Pra coisa dar certo era necessário conciliar o movimento da vela com a direção da prancha, foi quando perceberam que a ação da vela mais os movimentos do corpo em uma prancha do surf poderiam dar o controle da direção, a partir daí Drake ficou responsável pelo desenvolvimento da vela e Schweitzer pelo shape e tamanho da prancha. Em 1973, foi produzida a primeira prancha em série e em 1984, o windsurf já estava participando dos Jogos Olímpicos.

A PRÁTICA

O windsurf é considerado por seus praticantes um esporte completo, já que trabalha todos os músculos do corpo, necessita de coordenação, equilíbrio e concentração para a precisão dos movimentos. Ainda assim é considerado um dos esportes aquáticos mais fáceis e, portanto o mais recomendado para os aprendizes ansiosos por resultados rápidos. Isso é o que dizem, só tentando mesmo pra saber. 

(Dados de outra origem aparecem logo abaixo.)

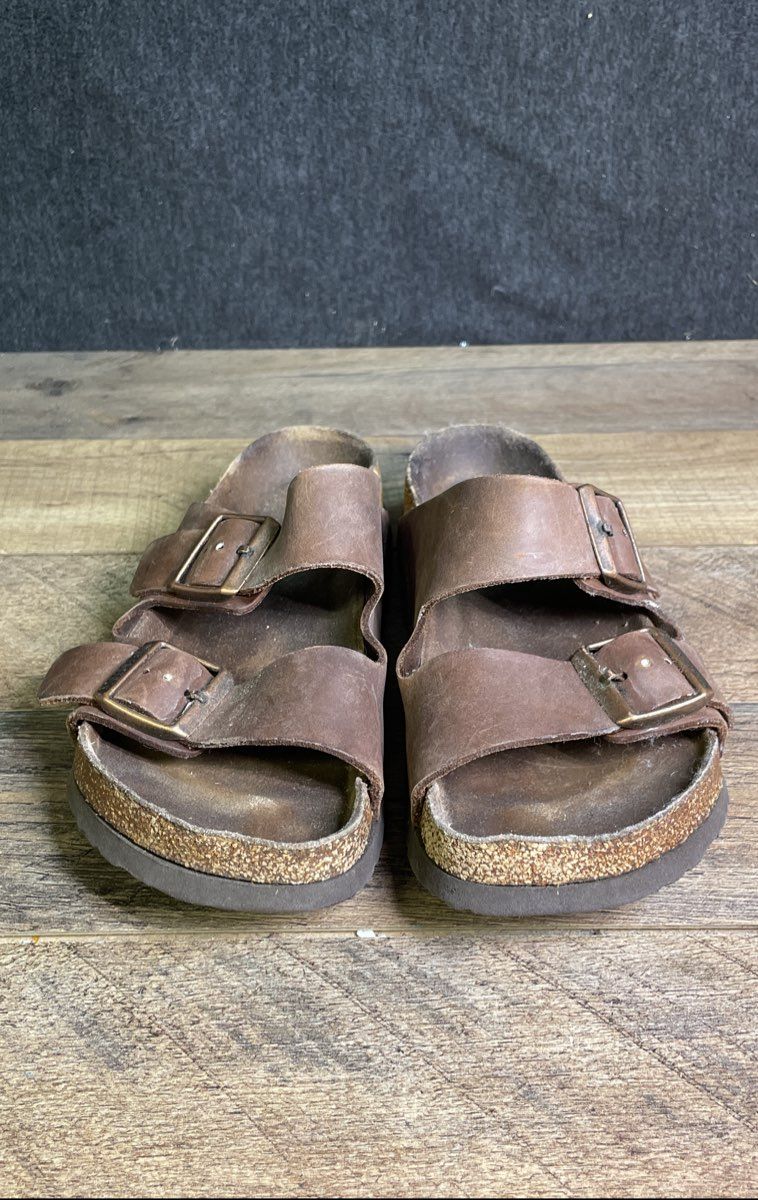 Birkenstock Arizona Brown Leather Two-Strap Sandals Women's Size 8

A verdade mesmo, é que o windsurf acaba sendo considerado um esporte radical tamanha as acrobacias realizadas por seus adeptos. A depender do vento os windsurfers chegam a atingir velocidades altíssimas, o recorde que se tem registro é de cerca de 90 km por hora. Consegue imaginar? Como é um esporte aquático e que depende do vento, conhecimento sobre marés e correntes é fundamental para um bom aproveitamento da modalidade. Saber nadar é essencial inclusive para a segurança do praticante. 



AS MANOBRAS

• Aerial Jibe - você salta sem soltar os pés das alças, gira a prancha em 180º e vira a vela no ar.

• Back Loop - O atleta dá um loop para trás.

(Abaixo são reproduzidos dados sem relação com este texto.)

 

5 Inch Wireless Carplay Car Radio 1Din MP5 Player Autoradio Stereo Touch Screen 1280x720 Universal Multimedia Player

• Body Drag - O velejador tira os pés da prancha e arrasta-os na água, retornando à posição inicial.

• Jump Jibe - Quando a troca da direção da prancha é feita no ar.

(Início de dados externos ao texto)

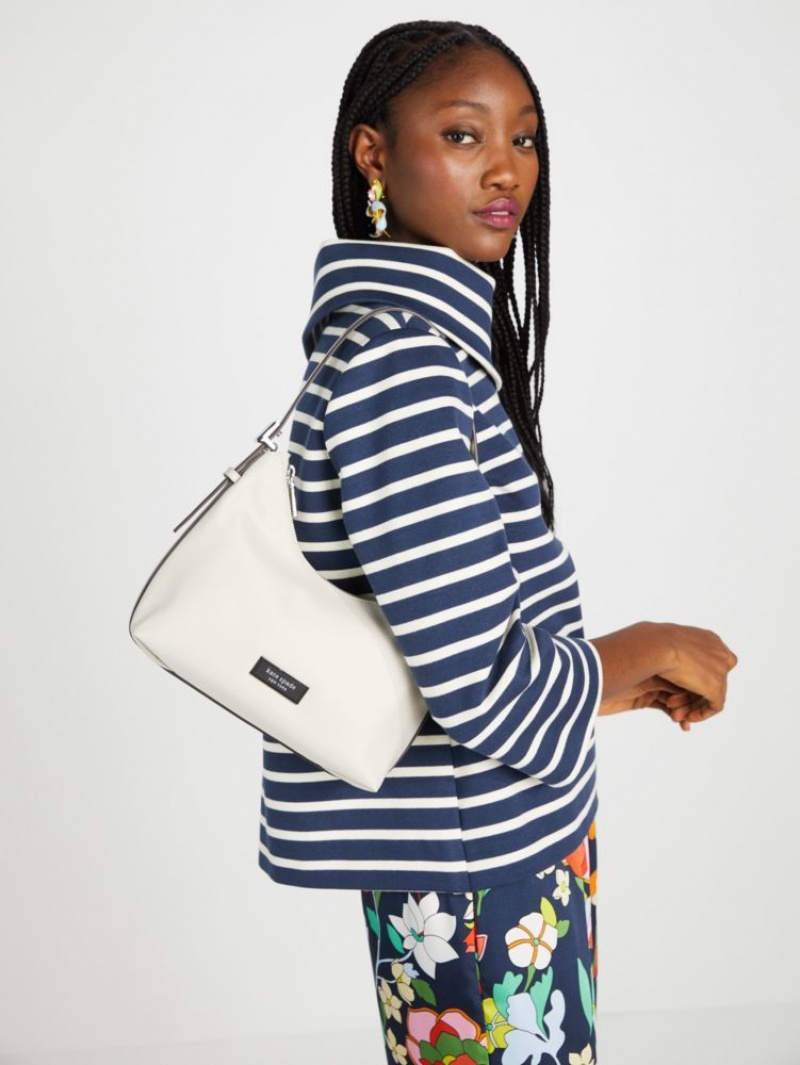 Kate Spade Sam Icon KSNYL Nylon Small Shoulder Bag Stony Beach | 3091765-FN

• Loop - Uma volta completa com a vela no ar.

• Push Loop - Um Back Loop contra o vento.

• Table Top - O velejador dá um salto e deixa a prancha horizontal ao mar.

NOS VENTOS DE JERI

Mari Patriota, fotógrafa super conceituada, esteve em Jericoara, uma das mecas do windsurf, e conversou com dois grandes nomes locais do esporte, o Bené e o Samuel. Moradores de Jeri, de vida simples, mas rica de sonhos e amor pelo vento, os meninos, que são praticantes do esporte há um bom tempo e até já participaram de campeonatos montaram há pouco mais de 4 meses uma escola de Windsurf e foram parceiros no projeto Provador. Além de ensinar as meninas a velejar na prancha de Wind, Bené e Sassá conversaram com Mari sobre o sonho de abrir a escola e o prazer de levar cada vez mais pessoas à prática da paixão deles. Esse foi o jeito ideal de ter o próprio negócio, na cidade onde gostariam e fazendo exatamente o que amam, espalhando esse amor em cada novo aluno. Fantástico, não?

O Bené explicou que a maior dificuldade dos iniciantes é entender sobre a direção do vento e essas noções são básicas para a prática do esporte. Para quem tá começando, o ideal é o mar com pouco vento, em média 2/4 nós, assim o aluno vai por partes trabalhando o equilíbrio e se familiarizando com o equipamento. Quanto às habilidades dos alunos, as mulheres tendem a pegar o jeito mais rápido que os homens, porém abandonam antes que eles que praticam por mais tempo. Quanto aos cuidados, o maior deles é evitar que numa queda, que é natural, o equipamento possa cair por cima do praticamente, fora isso, com esforço e afinco de 3h a 5h de aulas seguidas o aluno já consegue velejar sozinho, entrando e saindo do mar numa boa.